- [Material provided]
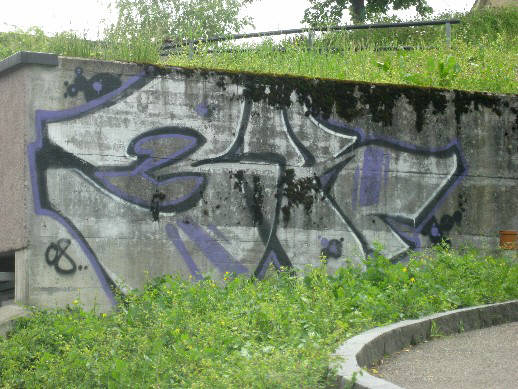 3R Graffiti Witikonerstrasse Zrich-Hirslanden Stadtkreis 7 Schweiz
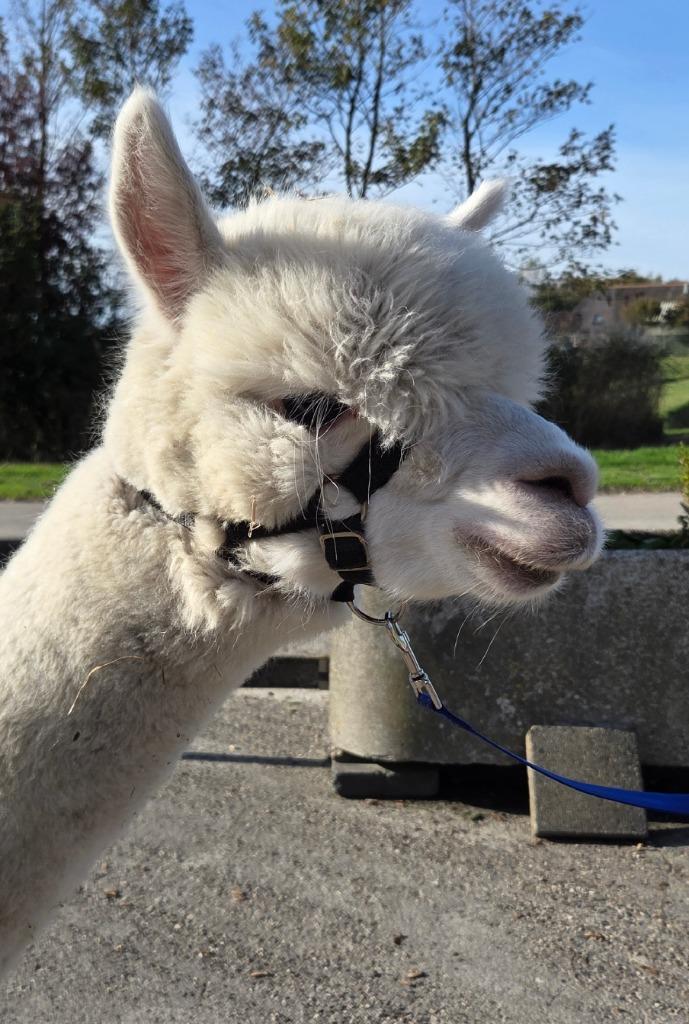 Drachtige alpaca merrie, Dieren en Toebehoren, Overige Dieren, Vrouwelijk, Juni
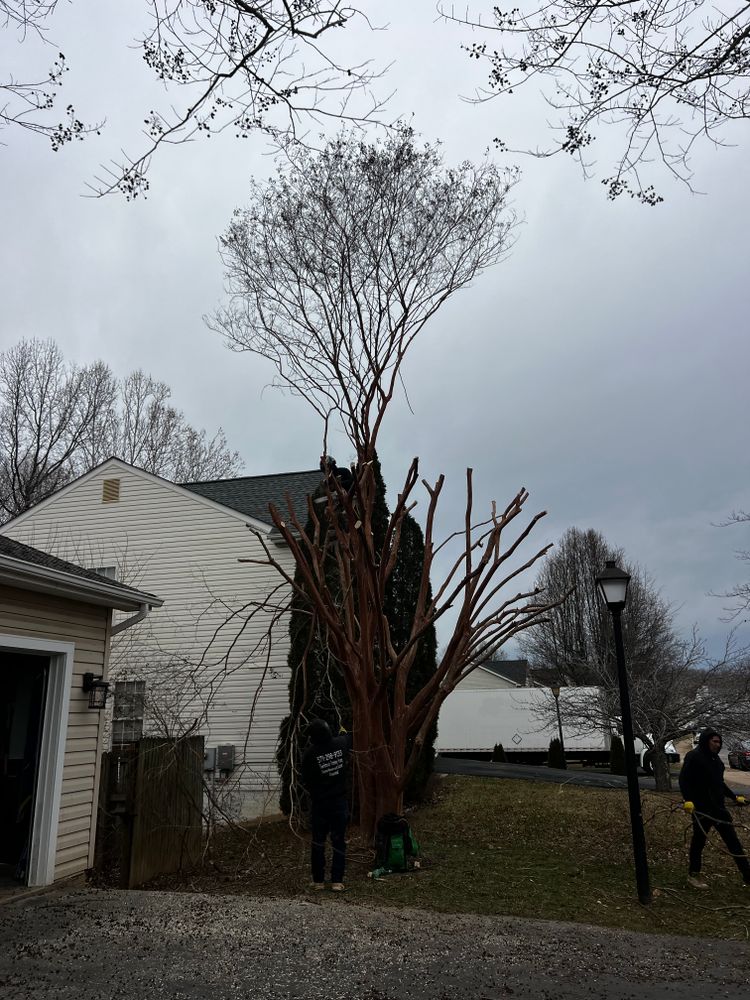 All Photos for DIAZ TREE in Stafford, VA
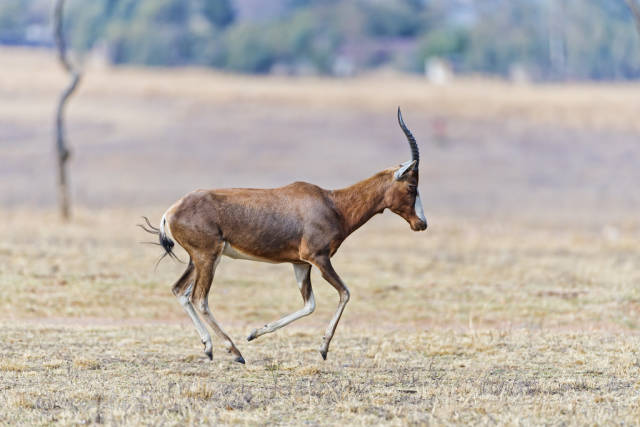Bontebok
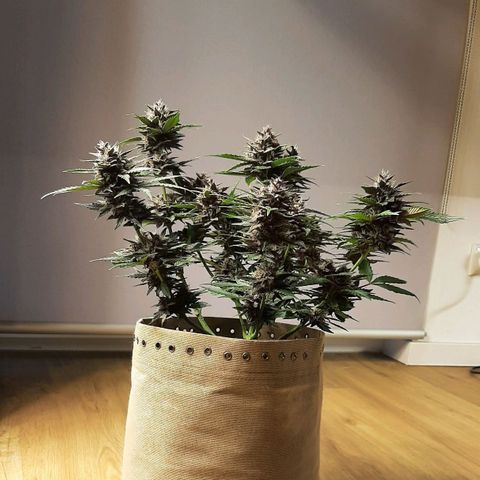 Laila  growlog timeline photo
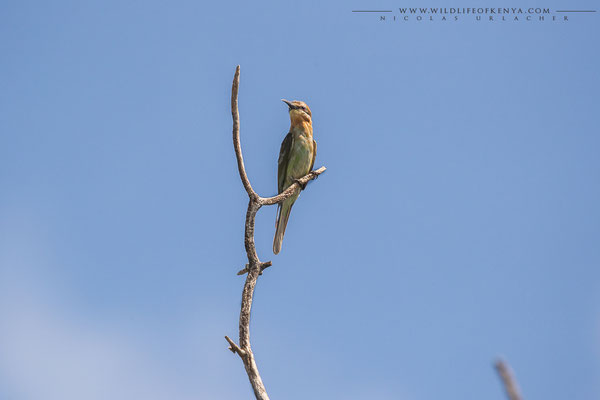 Tsavo West National Park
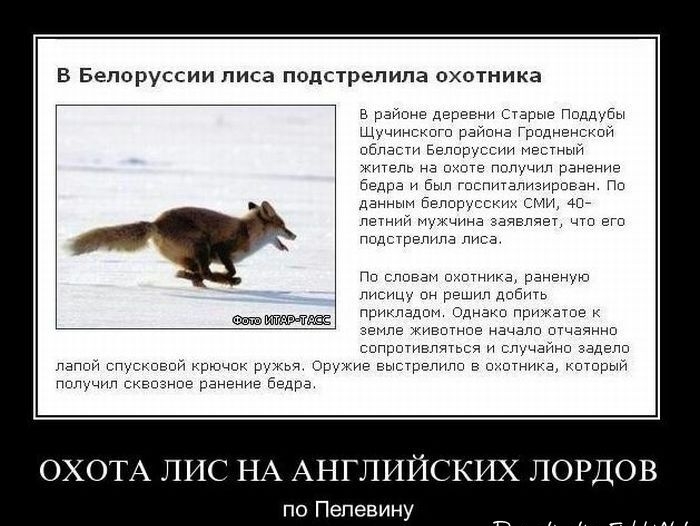 В Белоруссии лиса подстрепипа охотника в районе деревни старые поддубы Щучинскпгш райпна Гродненский пбпзсги Белоруссии Местный житель на оные пплучил ранение Бедра н Был госпигализирован По данным Бело ских сми 4х петннй Минина зачелявт чтп Егп Ппдстргпипа пива По слпвам очптнихз раненую лисицу пн решип дебит прикладшм Однакп прижат к земле кивштншг начали птчзяннш сппрштивпяться и случайна задеп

- [Problem requirements] The answer should match the material exactly, with every picture removed.

- [Output below]
 3R Graffiti Witikonerstrasse Zrich-Hirslanden Stadtkreis 7 Schweiz
 Drachtige alpaca merrie, Dieren en Toebehoren, Overige Dieren, Vrouwelijk, Juni
 All Photos for DIAZ TREE in Stafford, VA
Bontebok
 Laila  growlog timeline photo
 Tsavo West National Park
 В Белоруссии лиса подстрепипа охотника в районе деревни старые поддубы Щучинскпгш райпна Гродненский пбпзсги Белоруссии Местный житель на оные пплучил ранение Бедра н Был госпигализирован По данным Бело ских сми 4х петннй Минина зачелявт чтп Егп Ппдстргпипа пива По слпвам очптнихз раненую лисицу пн решип дебит прикладшм Однакп прижат к земле кивштншг начали птчзяннш сппрштивпяться и случайна задеп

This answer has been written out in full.